There are new games and the return of one daunting bloodfest – but truthfully, they all take a backseat to a new, unnerving wrinkle: democracy. Voting played a small role in season one, but each one of season two’s games is punctuated by a chance for the surviving players to end it all with a majority vote, walking away with an even share of the prize money. Of course, as the body count grows, so does the size of those shares. Here, Hwang best blurs the lines between “us” vs. “them,” which are no longer restricted to the players and their overseers. It also means roles are constantly adjusting. While the players may not have guns, they’re armed with their own personal motives (like costly healthcare, or combatting serious addictions), strategic stories, and a vote that dictates everyone’s chances at survival. It’s a game-within-the-game, and it provides the chance for everyone to indulge their killer instinct – even those who seem to mean well.

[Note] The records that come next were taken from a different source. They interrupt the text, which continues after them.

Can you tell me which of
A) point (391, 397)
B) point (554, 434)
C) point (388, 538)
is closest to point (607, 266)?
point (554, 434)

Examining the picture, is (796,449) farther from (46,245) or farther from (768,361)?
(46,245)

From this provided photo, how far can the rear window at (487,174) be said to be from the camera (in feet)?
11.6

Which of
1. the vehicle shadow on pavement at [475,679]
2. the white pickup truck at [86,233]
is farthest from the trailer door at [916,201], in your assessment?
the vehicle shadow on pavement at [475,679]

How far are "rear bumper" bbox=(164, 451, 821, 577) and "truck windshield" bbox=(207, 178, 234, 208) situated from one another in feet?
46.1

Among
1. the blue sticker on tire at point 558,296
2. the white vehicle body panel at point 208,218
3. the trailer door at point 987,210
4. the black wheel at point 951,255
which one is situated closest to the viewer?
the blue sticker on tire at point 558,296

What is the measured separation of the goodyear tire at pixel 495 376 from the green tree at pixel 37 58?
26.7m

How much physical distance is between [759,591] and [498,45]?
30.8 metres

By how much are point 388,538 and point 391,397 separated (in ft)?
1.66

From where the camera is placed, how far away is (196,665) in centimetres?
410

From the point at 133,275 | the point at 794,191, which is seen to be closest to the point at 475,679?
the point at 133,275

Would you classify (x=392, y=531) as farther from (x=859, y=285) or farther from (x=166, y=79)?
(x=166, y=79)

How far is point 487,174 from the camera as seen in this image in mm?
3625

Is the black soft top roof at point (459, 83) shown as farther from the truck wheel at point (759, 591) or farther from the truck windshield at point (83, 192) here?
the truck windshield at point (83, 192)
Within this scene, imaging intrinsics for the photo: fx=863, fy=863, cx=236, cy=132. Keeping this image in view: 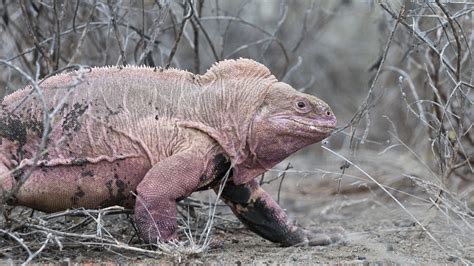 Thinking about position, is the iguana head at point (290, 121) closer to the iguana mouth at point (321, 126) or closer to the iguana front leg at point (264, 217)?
the iguana mouth at point (321, 126)

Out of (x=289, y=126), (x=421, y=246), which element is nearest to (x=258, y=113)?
(x=289, y=126)

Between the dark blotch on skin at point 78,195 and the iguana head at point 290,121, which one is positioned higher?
the iguana head at point 290,121

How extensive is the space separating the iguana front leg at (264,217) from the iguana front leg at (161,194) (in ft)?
2.50

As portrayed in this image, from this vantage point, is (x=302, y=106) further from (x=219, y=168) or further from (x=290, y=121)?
(x=219, y=168)

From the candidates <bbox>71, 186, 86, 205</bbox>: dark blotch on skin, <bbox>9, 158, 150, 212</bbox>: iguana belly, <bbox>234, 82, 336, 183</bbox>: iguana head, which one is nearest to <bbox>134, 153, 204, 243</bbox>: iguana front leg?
<bbox>9, 158, 150, 212</bbox>: iguana belly

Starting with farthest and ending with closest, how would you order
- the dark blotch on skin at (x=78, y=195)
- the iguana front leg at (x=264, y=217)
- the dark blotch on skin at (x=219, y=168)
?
1. the iguana front leg at (x=264, y=217)
2. the dark blotch on skin at (x=219, y=168)
3. the dark blotch on skin at (x=78, y=195)

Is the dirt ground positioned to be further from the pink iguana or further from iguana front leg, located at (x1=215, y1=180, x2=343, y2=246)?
the pink iguana

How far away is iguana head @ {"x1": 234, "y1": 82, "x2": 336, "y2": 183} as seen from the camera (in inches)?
217

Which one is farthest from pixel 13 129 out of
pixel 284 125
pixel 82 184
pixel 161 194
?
pixel 284 125

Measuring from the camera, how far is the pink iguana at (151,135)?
521 centimetres

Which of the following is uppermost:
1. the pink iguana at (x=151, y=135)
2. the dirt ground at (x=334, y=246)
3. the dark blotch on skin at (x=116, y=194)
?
the pink iguana at (x=151, y=135)

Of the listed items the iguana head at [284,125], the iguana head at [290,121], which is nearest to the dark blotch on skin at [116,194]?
the iguana head at [284,125]

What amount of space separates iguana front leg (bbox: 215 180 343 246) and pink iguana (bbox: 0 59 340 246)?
250mm

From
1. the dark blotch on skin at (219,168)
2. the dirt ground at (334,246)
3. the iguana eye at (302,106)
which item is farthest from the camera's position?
the iguana eye at (302,106) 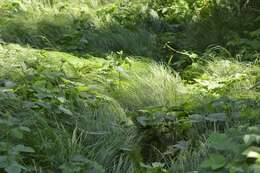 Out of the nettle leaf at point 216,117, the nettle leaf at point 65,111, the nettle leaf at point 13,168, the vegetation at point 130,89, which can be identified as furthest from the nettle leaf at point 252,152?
the nettle leaf at point 65,111

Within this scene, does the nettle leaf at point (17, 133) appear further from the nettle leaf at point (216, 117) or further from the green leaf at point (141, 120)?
the nettle leaf at point (216, 117)

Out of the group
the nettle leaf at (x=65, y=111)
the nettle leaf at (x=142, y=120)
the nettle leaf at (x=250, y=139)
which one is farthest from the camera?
the nettle leaf at (x=142, y=120)

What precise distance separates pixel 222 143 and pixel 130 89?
2228mm

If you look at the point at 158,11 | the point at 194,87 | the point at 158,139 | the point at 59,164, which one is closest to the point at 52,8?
the point at 158,11

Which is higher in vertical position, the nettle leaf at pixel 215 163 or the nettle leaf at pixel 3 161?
the nettle leaf at pixel 3 161

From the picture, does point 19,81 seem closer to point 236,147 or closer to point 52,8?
point 236,147

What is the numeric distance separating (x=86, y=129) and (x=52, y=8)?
4111 mm

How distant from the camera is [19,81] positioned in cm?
398

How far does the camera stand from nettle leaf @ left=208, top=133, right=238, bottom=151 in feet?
7.82

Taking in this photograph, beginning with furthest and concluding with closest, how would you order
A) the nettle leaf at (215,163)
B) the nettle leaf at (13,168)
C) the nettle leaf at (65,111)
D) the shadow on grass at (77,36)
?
the shadow on grass at (77,36) → the nettle leaf at (65,111) → the nettle leaf at (13,168) → the nettle leaf at (215,163)

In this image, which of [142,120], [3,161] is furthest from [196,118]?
[3,161]

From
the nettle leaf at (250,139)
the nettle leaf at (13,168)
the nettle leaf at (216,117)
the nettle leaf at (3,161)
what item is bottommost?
the nettle leaf at (13,168)

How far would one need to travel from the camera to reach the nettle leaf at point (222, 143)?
2383 mm

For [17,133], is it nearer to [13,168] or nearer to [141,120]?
[13,168] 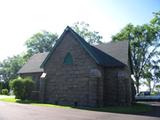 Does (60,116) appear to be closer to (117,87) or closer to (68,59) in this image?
(117,87)

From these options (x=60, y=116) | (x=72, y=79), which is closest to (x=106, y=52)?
(x=72, y=79)

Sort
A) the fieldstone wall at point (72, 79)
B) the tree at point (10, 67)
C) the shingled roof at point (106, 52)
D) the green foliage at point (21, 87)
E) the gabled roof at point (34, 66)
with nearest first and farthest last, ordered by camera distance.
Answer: the fieldstone wall at point (72, 79), the shingled roof at point (106, 52), the green foliage at point (21, 87), the gabled roof at point (34, 66), the tree at point (10, 67)

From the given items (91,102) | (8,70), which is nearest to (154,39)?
(91,102)

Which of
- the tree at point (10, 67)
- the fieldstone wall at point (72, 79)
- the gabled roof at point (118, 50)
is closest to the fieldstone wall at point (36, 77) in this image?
the fieldstone wall at point (72, 79)

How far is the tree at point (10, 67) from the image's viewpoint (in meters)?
93.9

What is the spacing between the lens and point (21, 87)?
33.8m

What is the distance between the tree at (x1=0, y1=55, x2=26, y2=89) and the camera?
9388 cm

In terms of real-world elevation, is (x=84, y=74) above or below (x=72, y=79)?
above

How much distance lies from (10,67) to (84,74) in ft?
241

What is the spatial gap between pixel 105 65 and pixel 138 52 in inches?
1066

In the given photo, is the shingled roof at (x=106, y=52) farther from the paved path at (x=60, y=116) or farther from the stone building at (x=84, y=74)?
the paved path at (x=60, y=116)

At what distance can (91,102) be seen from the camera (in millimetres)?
27109

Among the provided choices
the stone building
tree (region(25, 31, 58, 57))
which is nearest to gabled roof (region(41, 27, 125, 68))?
the stone building

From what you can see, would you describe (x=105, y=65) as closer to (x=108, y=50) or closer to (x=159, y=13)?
(x=108, y=50)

Following a U.S. election cycle when voting for self-preservation versus the greater good was the hottest of hot-button topics, this development is almost uncomfortably timely. But it also cleverly illustrates how the games can sow division, how tough choices can swiftly adjust our perception of other people, and how, in some cases, you don’t need masked gunmen to make a space feel incredibly dangerous. Before, it was much easier to tell when the games were in session. Now, not so much. Squid Game trusts us to navigate this more nuanced story, and it’s rewarding. As we watch this heightened depiction of the economic and political forces that dictate our everyday lives, we’re challenged to pinpoint how we’d actually fit in in such a thorny universe.